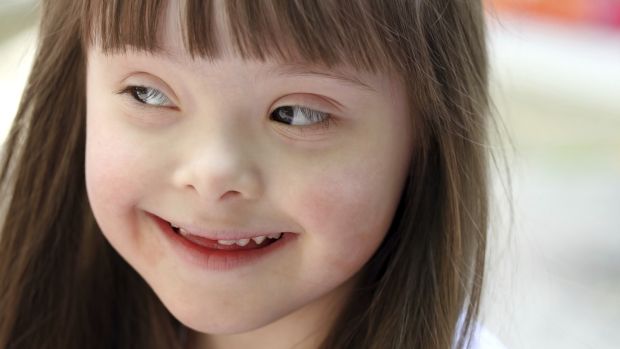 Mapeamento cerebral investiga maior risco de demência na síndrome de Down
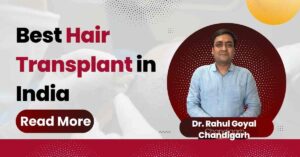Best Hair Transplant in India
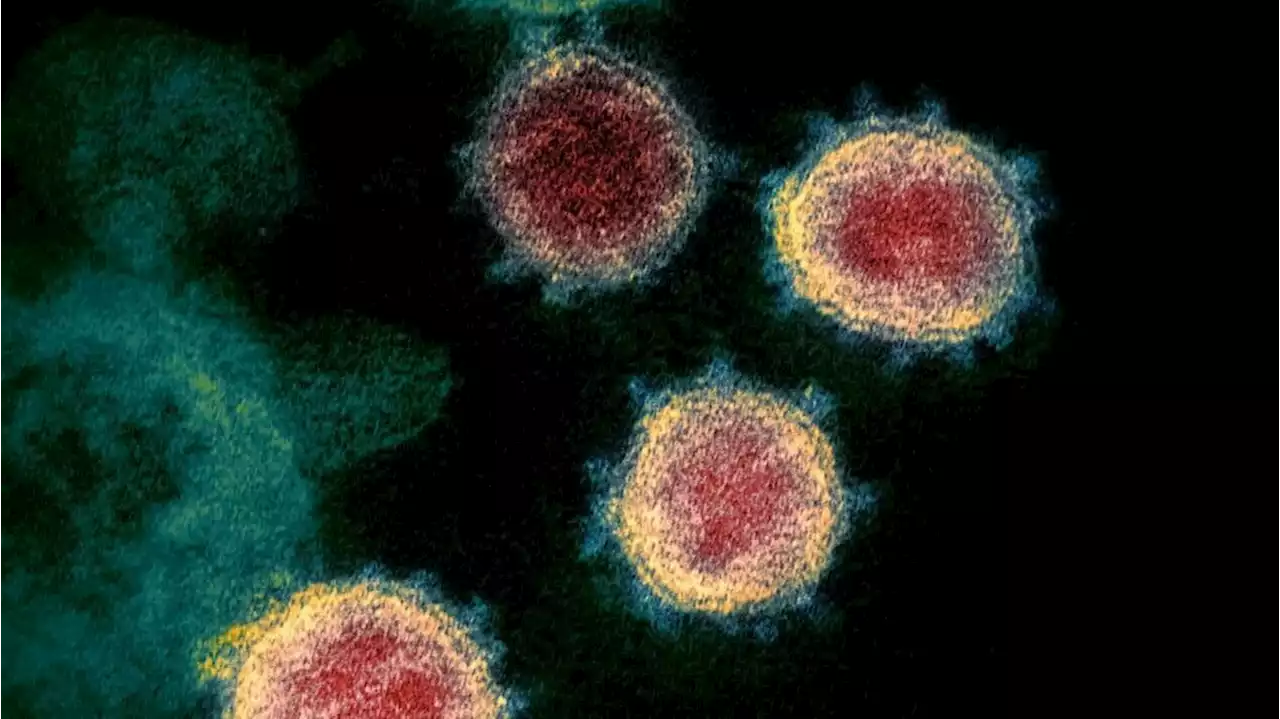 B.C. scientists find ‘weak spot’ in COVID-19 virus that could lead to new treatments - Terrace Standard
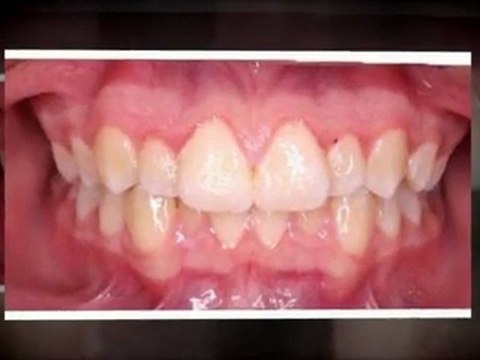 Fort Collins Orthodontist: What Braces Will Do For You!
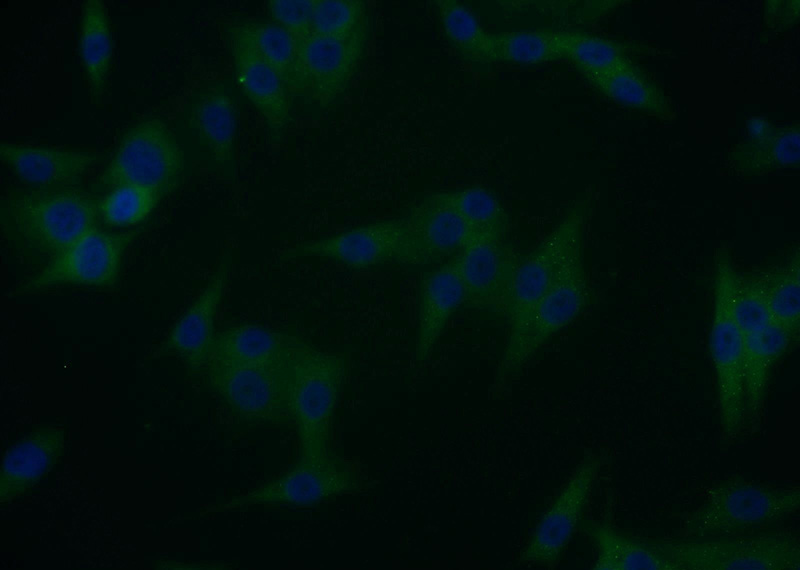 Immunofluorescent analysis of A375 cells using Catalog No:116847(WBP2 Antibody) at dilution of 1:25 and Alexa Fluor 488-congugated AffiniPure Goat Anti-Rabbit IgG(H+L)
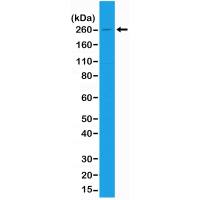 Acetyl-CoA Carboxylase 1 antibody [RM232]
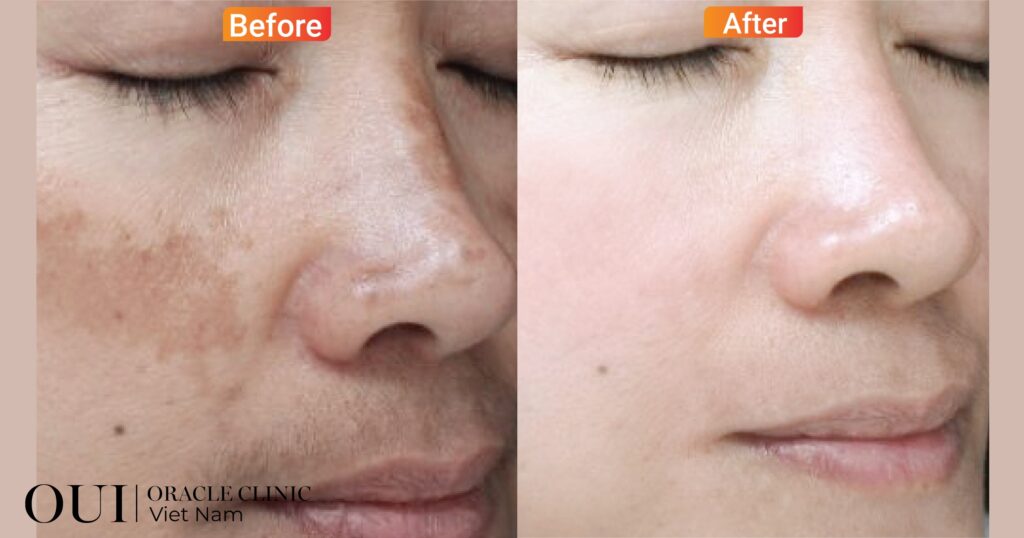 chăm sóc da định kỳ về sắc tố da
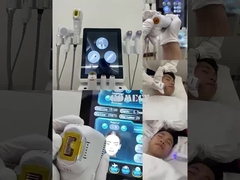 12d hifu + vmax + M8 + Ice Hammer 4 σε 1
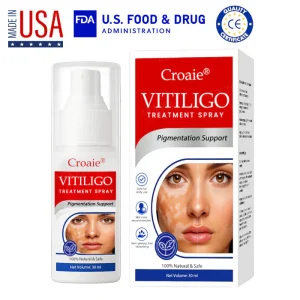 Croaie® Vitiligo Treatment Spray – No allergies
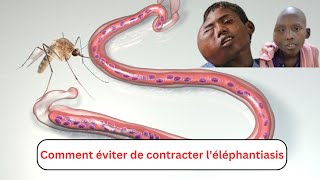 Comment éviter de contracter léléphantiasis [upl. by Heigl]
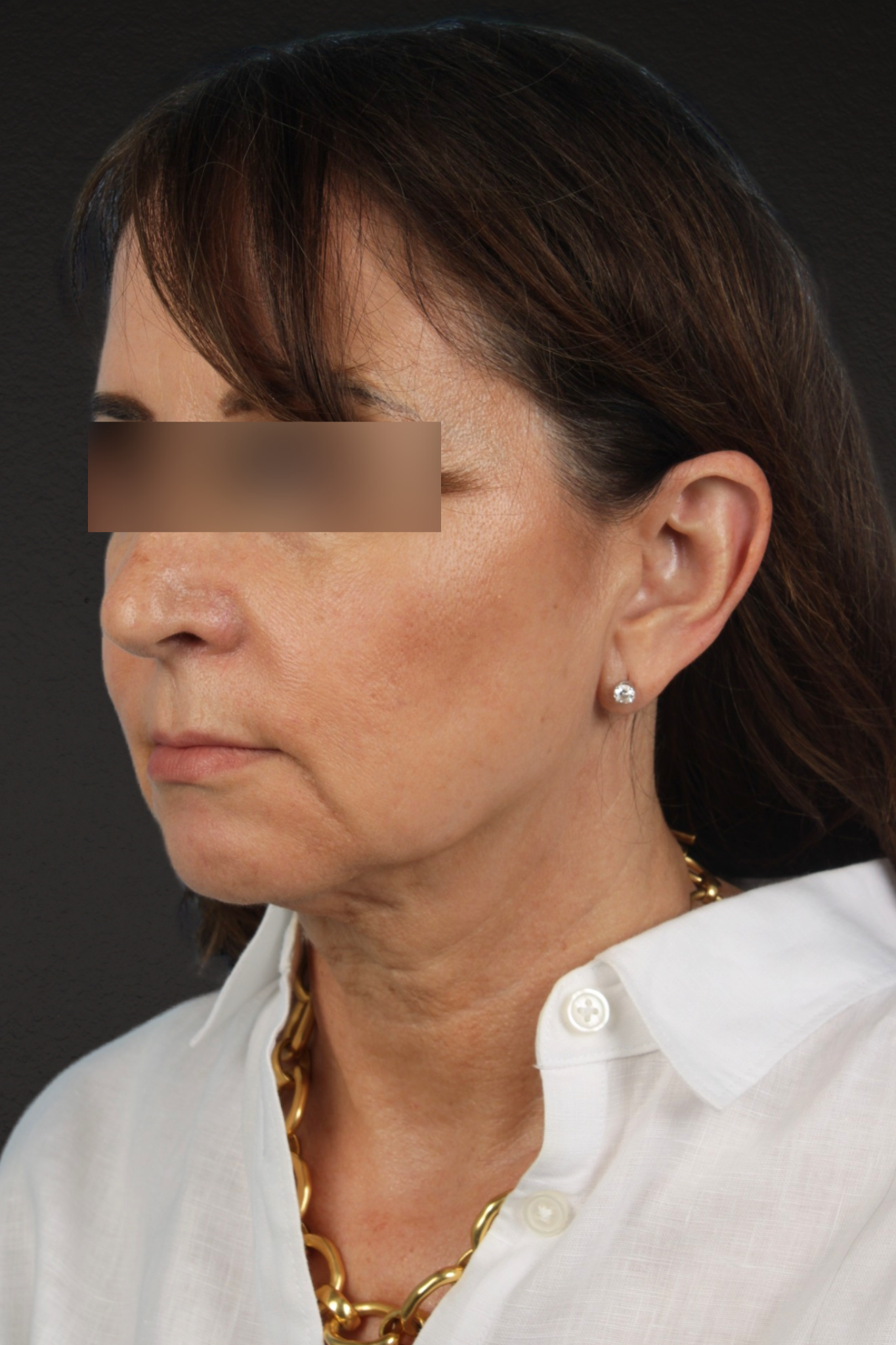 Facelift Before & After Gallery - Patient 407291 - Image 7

[WHAT YOU ARE ASKED TO DO] Give back exactly the lines from the line with "12d hifu + vmax + M8 + Ice Hammer 4 σε 1" through the end of the records, both included; keep all pictures out.

[WRITTEN SOLUTION]
 12d hifu + vmax + M8 + Ice Hammer 4 σε 1
 Croaie® Vitiligo Treatment Spray – No allergies
 Comment éviter de contracter léléphantiasis [upl. by Heigl]
 Facelift Before & After Gallery - Patient 407291 - Image 7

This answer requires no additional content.